The confusion matrix illustrates perfect classification with no misclassifications across the test set. Precision, recall, and F1-scores for both classes (real and fake) achieved the maximum possible value of 1.00, reflecting flawless performance.


## ResNet 50 Setup

For the Resnet 50 model, we used the same dataset as ViT and also used Python 3 for model building and training.

Parameter:

-L2 Regularization: 1e-4

-Learning rate: 1e-5

-Early stopping patience: 3 epochs

-Fine-tuning epochs: Maximum of 7 epochs

Structure:

-Backbone: ResNet-50 with include_top=False

-GlobalAveragePooling2D layer

-Dropout layer with a rate of 0.6

-Dense layer (128 units, ReLU activation)

-Dense output layer (1 unit, sigmoid activation)

## ResNet 50 Results

#### Main Results

We conducted three stages of training using ResNet50, with performance improving at each step:

- **Initial Training (Frozen Base)**  
  - Training Accuracy: 63.9%
  - Validation Accuracy: 64.2%
  - The model began learning basic differences between real and fake faces but was limited by the frozen ResNet50 backbone.

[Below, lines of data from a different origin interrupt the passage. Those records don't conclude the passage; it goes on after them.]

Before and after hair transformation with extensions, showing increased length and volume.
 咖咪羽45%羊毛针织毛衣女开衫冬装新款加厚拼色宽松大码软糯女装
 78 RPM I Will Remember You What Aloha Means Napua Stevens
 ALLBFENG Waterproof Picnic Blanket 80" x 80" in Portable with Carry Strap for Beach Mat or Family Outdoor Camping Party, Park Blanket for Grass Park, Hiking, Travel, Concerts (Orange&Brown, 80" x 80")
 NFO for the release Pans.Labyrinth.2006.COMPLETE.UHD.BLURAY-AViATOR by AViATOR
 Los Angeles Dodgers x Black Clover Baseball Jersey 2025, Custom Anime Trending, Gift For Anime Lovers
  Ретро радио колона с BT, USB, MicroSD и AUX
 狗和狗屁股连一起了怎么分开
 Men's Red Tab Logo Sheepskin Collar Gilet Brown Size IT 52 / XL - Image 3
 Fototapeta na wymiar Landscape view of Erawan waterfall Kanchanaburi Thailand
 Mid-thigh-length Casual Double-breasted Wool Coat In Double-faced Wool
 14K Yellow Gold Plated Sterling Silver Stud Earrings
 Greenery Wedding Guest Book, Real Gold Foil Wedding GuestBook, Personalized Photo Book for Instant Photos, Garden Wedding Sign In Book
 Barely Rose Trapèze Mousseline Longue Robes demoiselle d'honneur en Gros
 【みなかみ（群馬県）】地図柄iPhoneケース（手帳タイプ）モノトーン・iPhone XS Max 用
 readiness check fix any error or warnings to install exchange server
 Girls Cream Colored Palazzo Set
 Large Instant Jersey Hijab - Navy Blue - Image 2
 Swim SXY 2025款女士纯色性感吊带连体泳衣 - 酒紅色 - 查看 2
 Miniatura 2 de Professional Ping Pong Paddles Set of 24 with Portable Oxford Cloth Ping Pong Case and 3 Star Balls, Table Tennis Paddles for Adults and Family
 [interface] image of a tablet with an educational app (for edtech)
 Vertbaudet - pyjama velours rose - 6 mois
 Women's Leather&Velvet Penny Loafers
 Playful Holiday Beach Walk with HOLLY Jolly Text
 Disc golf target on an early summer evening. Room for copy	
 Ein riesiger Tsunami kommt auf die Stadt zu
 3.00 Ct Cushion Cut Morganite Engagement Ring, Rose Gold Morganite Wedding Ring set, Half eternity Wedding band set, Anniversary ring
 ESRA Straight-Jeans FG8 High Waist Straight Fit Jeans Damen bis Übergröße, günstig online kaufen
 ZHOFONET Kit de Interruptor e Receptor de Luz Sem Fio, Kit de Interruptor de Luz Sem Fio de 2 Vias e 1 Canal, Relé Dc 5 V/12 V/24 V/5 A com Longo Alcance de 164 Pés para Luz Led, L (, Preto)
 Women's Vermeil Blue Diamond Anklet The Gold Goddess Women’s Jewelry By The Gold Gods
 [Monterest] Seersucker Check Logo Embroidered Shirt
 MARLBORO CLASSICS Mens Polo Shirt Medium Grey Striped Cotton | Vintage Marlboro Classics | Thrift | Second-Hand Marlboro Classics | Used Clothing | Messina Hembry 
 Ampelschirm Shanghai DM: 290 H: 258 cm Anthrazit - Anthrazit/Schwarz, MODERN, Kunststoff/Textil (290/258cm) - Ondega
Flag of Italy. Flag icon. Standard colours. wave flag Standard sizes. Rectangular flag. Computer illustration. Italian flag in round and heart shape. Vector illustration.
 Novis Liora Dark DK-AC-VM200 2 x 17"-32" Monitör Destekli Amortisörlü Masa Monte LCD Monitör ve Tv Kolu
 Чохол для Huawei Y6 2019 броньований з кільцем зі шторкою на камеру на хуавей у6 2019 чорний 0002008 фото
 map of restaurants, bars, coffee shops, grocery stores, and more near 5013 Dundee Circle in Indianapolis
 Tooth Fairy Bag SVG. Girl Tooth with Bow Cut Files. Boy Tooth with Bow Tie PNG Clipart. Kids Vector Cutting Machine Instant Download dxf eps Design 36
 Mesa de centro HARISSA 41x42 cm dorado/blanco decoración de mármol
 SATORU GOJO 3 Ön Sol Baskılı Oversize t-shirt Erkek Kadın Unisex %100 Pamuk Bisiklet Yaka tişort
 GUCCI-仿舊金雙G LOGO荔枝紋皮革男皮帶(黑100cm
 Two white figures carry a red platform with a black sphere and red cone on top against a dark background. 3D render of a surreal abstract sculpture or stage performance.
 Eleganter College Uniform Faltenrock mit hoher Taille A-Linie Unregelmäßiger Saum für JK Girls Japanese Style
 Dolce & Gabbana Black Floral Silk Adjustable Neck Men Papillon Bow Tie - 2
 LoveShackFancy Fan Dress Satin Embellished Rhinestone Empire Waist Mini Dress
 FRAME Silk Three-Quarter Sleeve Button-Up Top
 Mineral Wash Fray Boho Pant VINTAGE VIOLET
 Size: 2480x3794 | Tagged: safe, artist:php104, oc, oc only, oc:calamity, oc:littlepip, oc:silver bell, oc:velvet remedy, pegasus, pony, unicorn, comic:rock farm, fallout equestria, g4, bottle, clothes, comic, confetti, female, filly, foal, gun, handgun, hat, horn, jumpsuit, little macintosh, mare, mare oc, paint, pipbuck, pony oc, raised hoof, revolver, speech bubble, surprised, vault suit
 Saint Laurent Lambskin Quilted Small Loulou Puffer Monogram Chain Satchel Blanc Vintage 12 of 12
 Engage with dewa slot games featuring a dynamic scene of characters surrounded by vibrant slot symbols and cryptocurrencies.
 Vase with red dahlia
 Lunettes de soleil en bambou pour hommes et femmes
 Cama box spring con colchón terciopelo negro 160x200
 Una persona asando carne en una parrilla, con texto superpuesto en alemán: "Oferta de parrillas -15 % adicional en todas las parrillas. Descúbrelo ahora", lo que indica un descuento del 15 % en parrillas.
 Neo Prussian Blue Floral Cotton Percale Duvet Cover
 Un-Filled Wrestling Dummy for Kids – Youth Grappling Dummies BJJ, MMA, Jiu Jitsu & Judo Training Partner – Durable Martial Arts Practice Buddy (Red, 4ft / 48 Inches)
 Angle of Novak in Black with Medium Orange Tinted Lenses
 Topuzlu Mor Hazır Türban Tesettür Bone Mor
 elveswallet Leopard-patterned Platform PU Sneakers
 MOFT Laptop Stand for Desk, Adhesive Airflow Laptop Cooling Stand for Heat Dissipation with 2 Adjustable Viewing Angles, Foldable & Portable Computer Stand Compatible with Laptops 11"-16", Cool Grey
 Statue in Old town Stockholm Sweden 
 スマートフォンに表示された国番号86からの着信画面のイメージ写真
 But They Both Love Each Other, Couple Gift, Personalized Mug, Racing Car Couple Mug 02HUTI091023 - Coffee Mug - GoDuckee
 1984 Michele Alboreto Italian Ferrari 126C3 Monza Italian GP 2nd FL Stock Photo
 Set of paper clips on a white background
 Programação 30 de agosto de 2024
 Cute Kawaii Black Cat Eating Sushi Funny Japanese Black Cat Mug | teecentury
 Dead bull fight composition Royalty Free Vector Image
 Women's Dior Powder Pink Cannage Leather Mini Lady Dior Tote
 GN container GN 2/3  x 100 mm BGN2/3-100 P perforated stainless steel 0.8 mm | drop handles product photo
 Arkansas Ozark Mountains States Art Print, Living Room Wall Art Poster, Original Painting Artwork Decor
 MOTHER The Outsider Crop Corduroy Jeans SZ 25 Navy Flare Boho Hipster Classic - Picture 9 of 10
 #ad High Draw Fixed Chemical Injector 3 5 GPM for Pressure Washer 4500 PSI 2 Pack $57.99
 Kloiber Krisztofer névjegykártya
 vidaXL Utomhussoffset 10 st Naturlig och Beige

- **Full Fine-Tuning (All Layers Unfrozen)**  
  - Training Accuracy: 99.6%
  - Validation Accuracy: 57.1%
  - The model overfit to the training data, showing poor generalization.

- **Final Fine-Tuning (Top 30 Layers Unfrozen + Regularization)**  
  - Training Accuracy: 95.8%  
  - Validation Accuracy: 97.5%
  - Validation Loss: 0.1086
  - Regularized fine-tuning successfully improved generalization and addressed the overfitting problem.

<br>

#### Supplementary Results

**Model Architecture**  
- Base model: `ResNet50(weights='imagenet', include_top=False)`  
- Classification head: `GlobalAveragePooling → Dropout → Dense(128 ReLU) → Sigmoid`

**Training Strategy**  
- **Step 1**: Frozen base, trained classification head only  
  - Optimizer: `Adam`, Learning rate: `1e-4`, Epochs: 7  
- **Step 2**: Unfroze all layers → severe overfitting  
  - Optimizer: `Adam`, Learning rate: `1e-5`, Epochs: 7  
- **Step 3**: Unfroze top 30 layers  
  - Applied `Dropout(0.6)` and `L2 regularization (1e-4)`  
  - Optimizer: `Adam`, Learning rate: `1e-5`  
  - Early stopping with `patience=3`

<br>

#### Summarized Findings and Parameter Choice
In our experiments using ResNet50 to classify real versus AI-generated face images, we tested three training strategies. The most important result came from the final model, where we partially unfroze the top 30 layers of ResNet50, added dropout and L2 regularization, and applied early stopping. This model achieved a training accuracy of 95.8% and a validation accuracy of 97.5%, along with a low validation loss of 0.1086. These outcomes indicate strong generalization and confirm that this balanced approach was highly effective. In contrast, training the model with a frozen base yielded only around 64% accuracy, and full fine-tuning without regularization caused severe overfitting, with training accuracy reaching 99.6% but validation accuracy dropping to 57.1%.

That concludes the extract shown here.